Please note however that $$H(z)$$ is not the filter $$\op f$$. In the expression for $$H(z)$$, $$z$$ is a complex number whereas in the expression for $$\op f$$, $$\z$$ is an operator. The operator notation for $$\op f$$ is a symbolic notation. It can be implemented in practice using the difference equation we started with.

Using the $$\z$$ operator to define discrete LTI filters is nowadays often used. In fact even software is written in which the $$\z$$ operator notation plays a central role.
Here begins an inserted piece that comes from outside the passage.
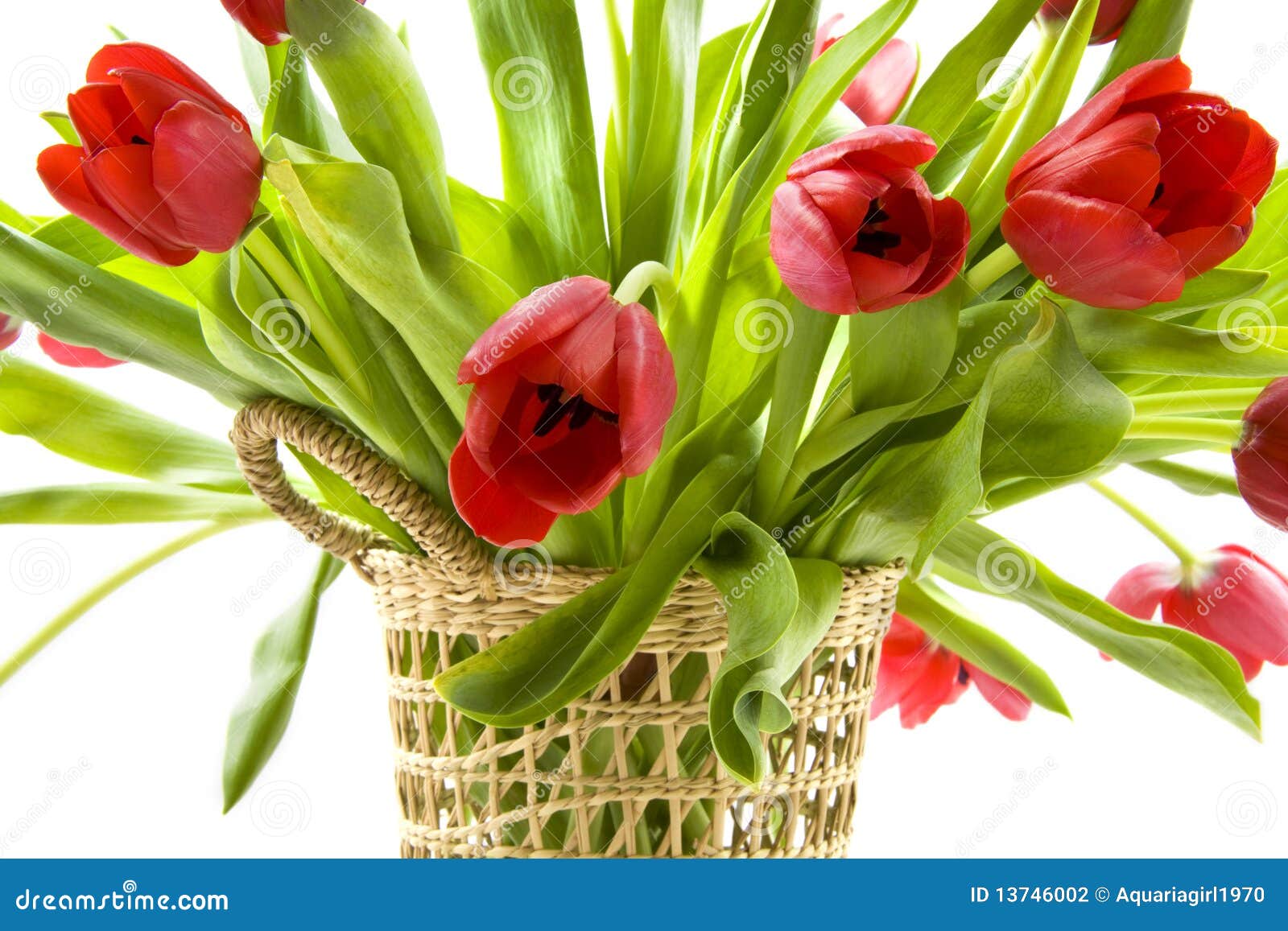 Tulips from Holland stock photo. Image of flowers, bulbs 13746002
Below we give some examples using the ‘audiolazy’ Python package.

In [1]: from audiolazy import z;

In [2]: H = (z**2-1.9*z+1)/(z**2-1.8*z+0.9);

In [3]: H.zplot().savefig('figures/hzplot.pdf');

In [4]: H.plot().savefig('figures/hfplot.pdf');


Note that in the code given here the function savefig() is used to save the figure in a file. In an interactive session you can use show() instead.

Although conceptually nice, audiolazy still lacks soms of the standard filters. A lot of these standard filters are available in scipy.signal. In the lecture notes on filter design some examples of the use of scipy will be given.